Japan Quake-Tsunami Death Toll Likely Over 10,000


japan-quakeTagajo, Japan – People across a devastated swath of Japan suffered for a third day today without water, electricity and proper food, as the country grappled with the enormity of a massive earthquake and tsunami that left more than 10,000 people dead in one area alone.

Japan’s prime minister called the crisis the most severe challenge the nation has faced since World War II, as the grim situation worsened. Friday’s disasters damaged two nuclear reactors, potentially sending one through a partial meltdown and adding radiation contamination to the fears of an unsettled public.

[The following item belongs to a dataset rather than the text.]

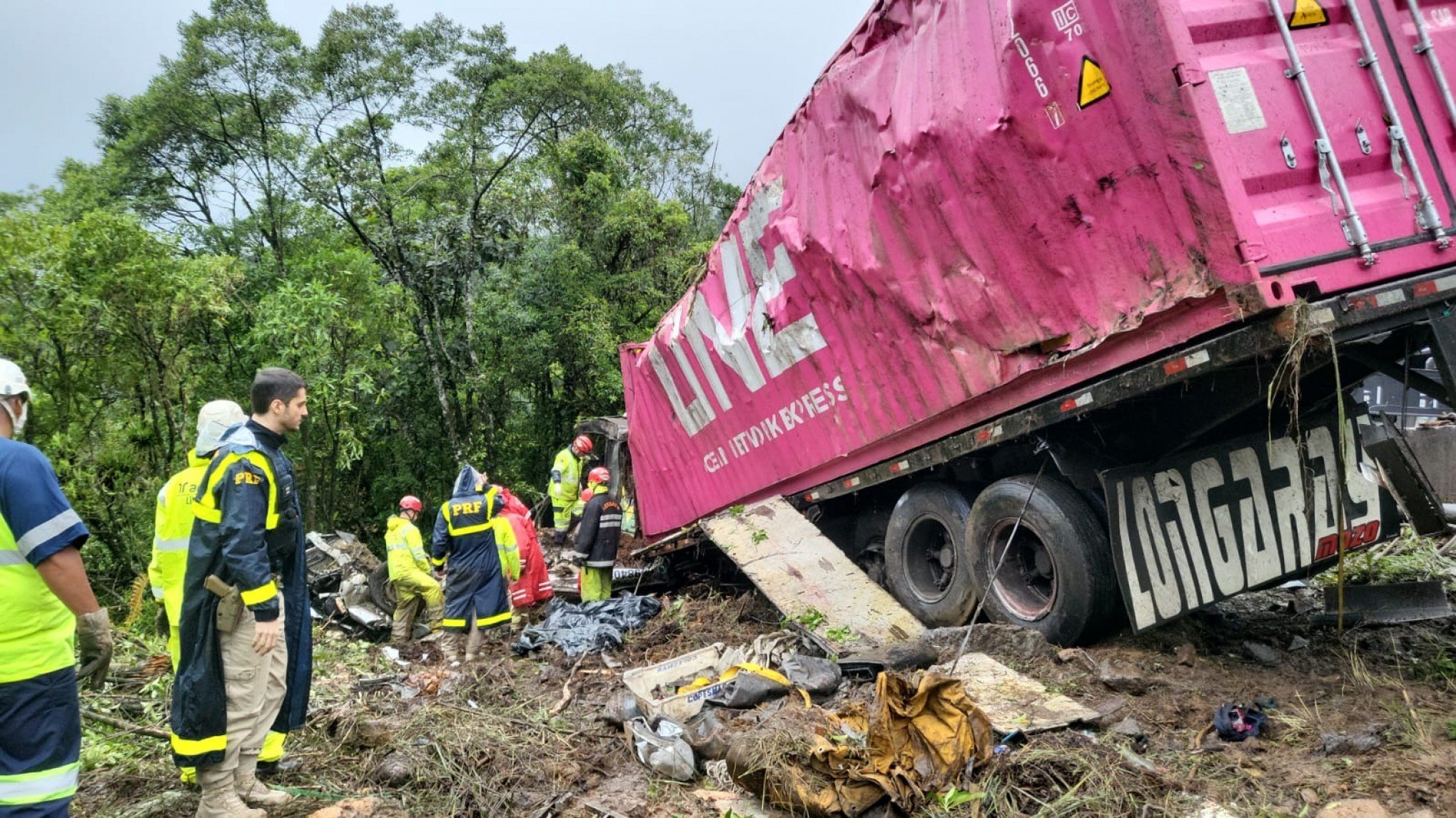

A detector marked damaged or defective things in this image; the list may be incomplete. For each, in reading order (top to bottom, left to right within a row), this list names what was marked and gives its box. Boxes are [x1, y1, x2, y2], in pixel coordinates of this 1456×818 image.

crushed vehicle [588, 0, 1456, 645]
overturned pink truck [605, 0, 1456, 645]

Temperatures began sinking toward freezing, compounding the misery of survivors along hundreds of miles (kilometers) of the northeastern coast battered by the tsunami that smashed inland with breathtaking fury. Rescuers pulled bodies from mud-covered jumbles of wrecked houses, shattered tree trunks, twisted cars and tangled power lines while survivors examined the ruined remains.

In Rikusentakata, a port city of over 20,000 virtually wiped out by the tsunami, Etsuko Koyama escaped the water rushing through the third flood of her home but lost her grip on her daughter’s hand and has not found her.

“I haven’t given up hope yet,” Koyama told public broadcaster NHK, wiping tears from her eyes. “I saved myself, but I couldn’t save my daughter.”

To the south, in Miyagi prefecture, or state, the police chief told a gathering of disaster relief officials that his estimate for deaths was more than 10,000, police spokesman Go Sugawara told The Associated Press. Miyagi has a population of 2.3 million and is one of the three prefectures hardest hit in Friday’s disaster. Only 379 people have officially been confirmed as dead in Miyagi.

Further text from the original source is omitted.